Common classes used across Spring AI providing document processing, text transformation, embedding utilities, observability support, and tokenization capabilities for AI application development
Document readers and writers provide I/O capabilities for loading documents from various sources and writing them to destinations.
The readers and writers layer consists of:
Reads JSON documents and converts them to Document objects.

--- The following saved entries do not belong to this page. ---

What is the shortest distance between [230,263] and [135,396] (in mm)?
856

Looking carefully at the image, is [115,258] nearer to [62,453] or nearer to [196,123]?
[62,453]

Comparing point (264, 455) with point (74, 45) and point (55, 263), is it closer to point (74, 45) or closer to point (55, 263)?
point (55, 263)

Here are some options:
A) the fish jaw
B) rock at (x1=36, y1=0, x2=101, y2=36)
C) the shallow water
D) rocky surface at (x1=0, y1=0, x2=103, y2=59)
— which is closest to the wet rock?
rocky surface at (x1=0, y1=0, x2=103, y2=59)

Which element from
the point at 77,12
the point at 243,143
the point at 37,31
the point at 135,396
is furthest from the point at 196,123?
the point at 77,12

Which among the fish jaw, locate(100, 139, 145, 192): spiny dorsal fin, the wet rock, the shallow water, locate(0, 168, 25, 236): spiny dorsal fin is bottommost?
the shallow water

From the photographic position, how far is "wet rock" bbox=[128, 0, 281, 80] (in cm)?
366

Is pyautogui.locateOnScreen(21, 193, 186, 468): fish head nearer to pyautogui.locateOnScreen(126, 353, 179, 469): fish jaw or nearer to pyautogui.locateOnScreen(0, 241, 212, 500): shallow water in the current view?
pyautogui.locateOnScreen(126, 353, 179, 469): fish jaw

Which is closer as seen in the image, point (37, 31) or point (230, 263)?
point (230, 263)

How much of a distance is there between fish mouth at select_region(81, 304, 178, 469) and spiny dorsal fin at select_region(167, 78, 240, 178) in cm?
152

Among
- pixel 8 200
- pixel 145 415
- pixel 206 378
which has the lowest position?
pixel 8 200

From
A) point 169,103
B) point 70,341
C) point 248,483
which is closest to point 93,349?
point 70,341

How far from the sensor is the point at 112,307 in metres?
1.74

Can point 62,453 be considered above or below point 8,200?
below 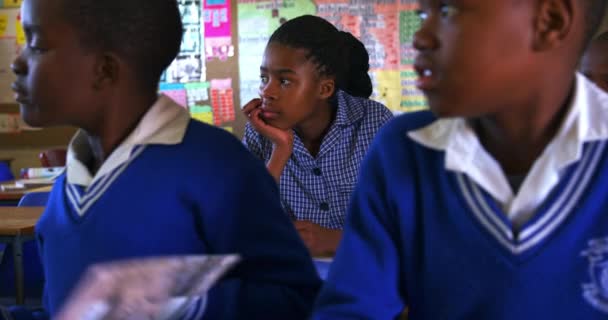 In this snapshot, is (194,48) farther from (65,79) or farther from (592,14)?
(592,14)

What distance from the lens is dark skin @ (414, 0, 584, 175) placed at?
0.77 metres

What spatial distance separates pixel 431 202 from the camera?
869 millimetres

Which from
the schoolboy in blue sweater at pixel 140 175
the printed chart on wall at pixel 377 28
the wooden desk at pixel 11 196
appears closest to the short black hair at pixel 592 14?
the schoolboy in blue sweater at pixel 140 175

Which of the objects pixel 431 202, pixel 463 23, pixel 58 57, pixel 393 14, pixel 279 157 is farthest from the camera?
→ pixel 393 14

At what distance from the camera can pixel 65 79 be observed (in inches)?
41.9

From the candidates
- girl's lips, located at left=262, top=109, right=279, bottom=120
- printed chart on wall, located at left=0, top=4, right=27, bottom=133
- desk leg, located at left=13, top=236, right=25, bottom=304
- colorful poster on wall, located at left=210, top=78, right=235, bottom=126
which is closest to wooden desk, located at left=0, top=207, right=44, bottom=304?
desk leg, located at left=13, top=236, right=25, bottom=304

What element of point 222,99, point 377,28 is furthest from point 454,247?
point 222,99

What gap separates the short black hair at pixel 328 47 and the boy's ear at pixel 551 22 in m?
1.35

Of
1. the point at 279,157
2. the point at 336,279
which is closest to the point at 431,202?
the point at 336,279

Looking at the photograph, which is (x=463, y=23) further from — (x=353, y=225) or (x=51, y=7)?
(x=51, y=7)

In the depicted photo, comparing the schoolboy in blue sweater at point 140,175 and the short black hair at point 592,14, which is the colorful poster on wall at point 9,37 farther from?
the short black hair at point 592,14

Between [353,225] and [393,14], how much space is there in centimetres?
403

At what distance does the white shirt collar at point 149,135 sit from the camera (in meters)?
1.06

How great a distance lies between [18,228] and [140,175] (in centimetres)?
156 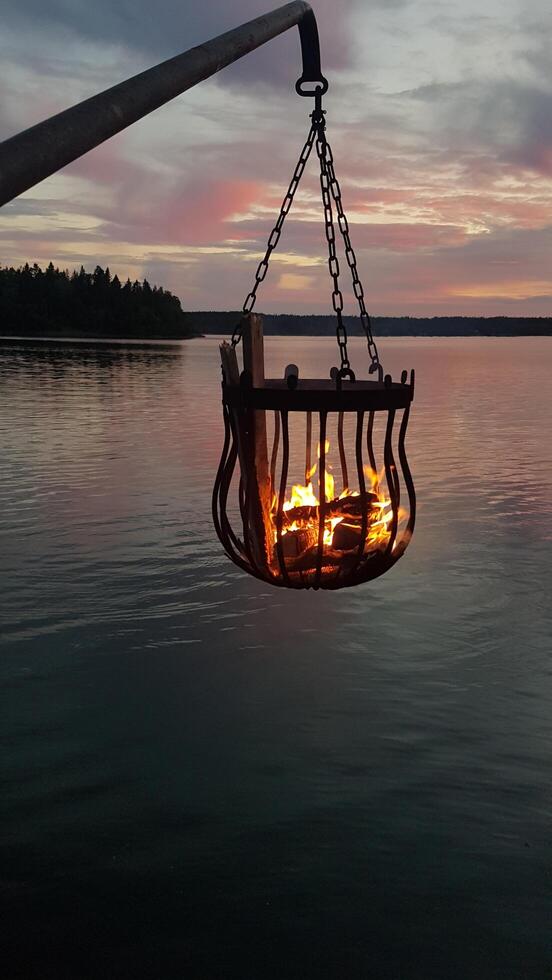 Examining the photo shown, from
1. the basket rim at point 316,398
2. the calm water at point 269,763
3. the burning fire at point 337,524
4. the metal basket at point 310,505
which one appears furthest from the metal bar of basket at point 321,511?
the calm water at point 269,763

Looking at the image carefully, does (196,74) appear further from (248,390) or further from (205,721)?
(205,721)

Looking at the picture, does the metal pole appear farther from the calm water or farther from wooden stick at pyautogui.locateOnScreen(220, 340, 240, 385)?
the calm water

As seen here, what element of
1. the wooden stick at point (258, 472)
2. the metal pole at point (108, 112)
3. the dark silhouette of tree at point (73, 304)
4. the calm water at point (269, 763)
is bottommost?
the calm water at point (269, 763)

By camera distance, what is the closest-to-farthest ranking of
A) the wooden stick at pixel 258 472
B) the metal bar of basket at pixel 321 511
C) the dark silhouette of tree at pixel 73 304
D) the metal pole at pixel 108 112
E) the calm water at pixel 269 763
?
the metal pole at pixel 108 112 → the metal bar of basket at pixel 321 511 → the calm water at pixel 269 763 → the wooden stick at pixel 258 472 → the dark silhouette of tree at pixel 73 304

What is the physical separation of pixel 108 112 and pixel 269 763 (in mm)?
4691

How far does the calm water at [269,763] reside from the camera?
4.50 metres

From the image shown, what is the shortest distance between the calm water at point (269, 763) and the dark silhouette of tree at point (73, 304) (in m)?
160

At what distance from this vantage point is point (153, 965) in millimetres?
4293

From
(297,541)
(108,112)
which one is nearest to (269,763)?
(297,541)

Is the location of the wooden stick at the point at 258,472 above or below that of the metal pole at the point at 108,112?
below

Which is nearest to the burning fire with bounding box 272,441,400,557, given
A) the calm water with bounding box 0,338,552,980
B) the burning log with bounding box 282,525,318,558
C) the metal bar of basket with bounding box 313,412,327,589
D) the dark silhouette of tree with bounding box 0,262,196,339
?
the burning log with bounding box 282,525,318,558

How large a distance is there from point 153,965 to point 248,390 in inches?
109

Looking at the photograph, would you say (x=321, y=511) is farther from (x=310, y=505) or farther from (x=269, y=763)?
(x=269, y=763)

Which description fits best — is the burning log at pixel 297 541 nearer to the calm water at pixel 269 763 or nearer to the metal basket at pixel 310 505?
the metal basket at pixel 310 505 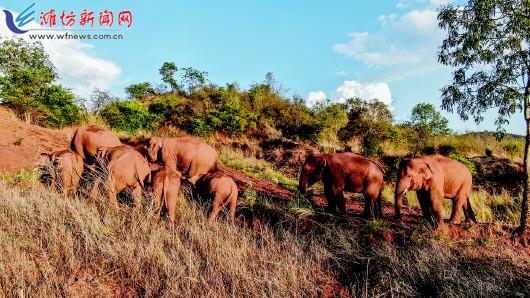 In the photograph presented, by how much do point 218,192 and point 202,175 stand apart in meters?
1.11

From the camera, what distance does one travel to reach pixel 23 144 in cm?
1083

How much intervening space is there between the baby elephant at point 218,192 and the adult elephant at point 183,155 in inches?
56.1

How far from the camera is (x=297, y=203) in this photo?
27.2ft

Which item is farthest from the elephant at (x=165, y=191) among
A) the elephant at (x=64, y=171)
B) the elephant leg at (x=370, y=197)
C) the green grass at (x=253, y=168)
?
the green grass at (x=253, y=168)

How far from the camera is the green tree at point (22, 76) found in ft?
57.6

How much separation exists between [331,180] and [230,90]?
19.6 meters

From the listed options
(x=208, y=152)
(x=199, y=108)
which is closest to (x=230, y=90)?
(x=199, y=108)

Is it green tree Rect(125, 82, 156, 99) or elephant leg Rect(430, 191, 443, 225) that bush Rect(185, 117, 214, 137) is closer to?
green tree Rect(125, 82, 156, 99)

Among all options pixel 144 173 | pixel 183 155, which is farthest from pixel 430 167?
pixel 144 173

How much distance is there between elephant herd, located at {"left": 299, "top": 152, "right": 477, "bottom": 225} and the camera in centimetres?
769

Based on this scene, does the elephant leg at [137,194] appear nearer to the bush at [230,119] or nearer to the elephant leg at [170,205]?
the elephant leg at [170,205]

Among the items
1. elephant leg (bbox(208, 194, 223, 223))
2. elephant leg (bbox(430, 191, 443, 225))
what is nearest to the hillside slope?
elephant leg (bbox(208, 194, 223, 223))

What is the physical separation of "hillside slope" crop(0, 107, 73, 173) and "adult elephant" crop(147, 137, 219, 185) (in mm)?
2664

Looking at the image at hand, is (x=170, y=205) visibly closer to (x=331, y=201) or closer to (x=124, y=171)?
(x=124, y=171) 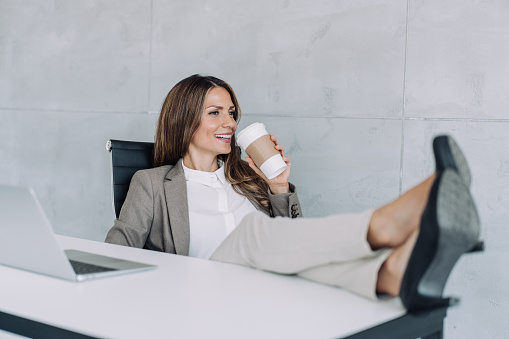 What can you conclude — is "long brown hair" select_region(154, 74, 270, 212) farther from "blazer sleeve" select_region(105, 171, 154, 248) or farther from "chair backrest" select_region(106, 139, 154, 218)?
"blazer sleeve" select_region(105, 171, 154, 248)

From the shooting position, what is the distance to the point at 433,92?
2.42m

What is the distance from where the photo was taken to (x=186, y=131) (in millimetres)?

package org.springframework.ai.reader;
import org.springframework.ai.document.Document;
import org.springframework.ai.document.DocumentReader;
import org.springframework.core.io.Resource;
import java.util.List;
class JsonReader implements DocumentReader {
/**
* Create reader for JSON resource.
* Converts entire JSON to documents.
* @param resource JSON resource to read
*/
JsonReader(Resource resource);
/**
* Create reader with specific JSON keys.
* Only specified keys are used for document content.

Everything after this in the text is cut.